Bella wrote:i prefer music with lyrics to get me through these difficult times....
NastyNickers wrote:The thing about pain,
Is it won’t last forever,
And it kills you right now,
But with time it gets better,
The thing about scars,
Is they all start to fade,
Until nothing is left,
Of the cuts that were made,
The thing about today,
Is there’s always tomorrow,
And if you can’t find your smile
I have one you can borrow,
The thing about help,
Is beside you it stands,
But it won’t know it’s needed,
Unless you reach out your hand,
The thing about love,
Is you can’t feel it’s touch,
Until you let someone know,
That the world is too much.
Gerst wrote:Yes, I think we're kind of restricted to shorter poems on forums, though it's no problem really. I had a similar thread on another board years ago and someone posted Shakespeare's Venus and Adonis in a sort of protest, which went on for about eight pages.
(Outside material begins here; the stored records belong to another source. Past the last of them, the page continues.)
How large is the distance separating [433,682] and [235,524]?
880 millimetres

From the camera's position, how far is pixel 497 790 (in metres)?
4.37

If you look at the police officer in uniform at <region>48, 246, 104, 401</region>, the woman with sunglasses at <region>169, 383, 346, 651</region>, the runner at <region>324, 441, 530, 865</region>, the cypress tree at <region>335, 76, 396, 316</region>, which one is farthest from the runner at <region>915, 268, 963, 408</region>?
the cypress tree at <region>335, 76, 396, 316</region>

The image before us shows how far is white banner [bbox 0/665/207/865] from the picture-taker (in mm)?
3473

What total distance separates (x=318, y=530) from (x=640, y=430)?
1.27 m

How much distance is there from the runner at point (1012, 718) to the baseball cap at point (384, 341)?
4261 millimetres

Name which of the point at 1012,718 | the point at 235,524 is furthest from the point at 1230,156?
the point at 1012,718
I know one of Spike Milligan's favourite poets was The World's Worst Poet, William McGonagall:
The chicken is a noble beast,
The cow is much forlorner:
Standing in the pouring rain
With a leg at every corner.
Stooo wrote:W. Wordsworth wrote:A boy stood on the burning deck
picking his nose like mad
he rolled it into little balls
and flicked it at his dad
A boy stood on the burning deck playing a game of cricket.
The ball ran up his trouser leg and stumped his middle wicket!
Abs wrote:Lady Murasaki wrote:Well you’ve got the last laugh Abs because they live under a bridge without a working boiler.
Sod them.
I should write some poetry some day.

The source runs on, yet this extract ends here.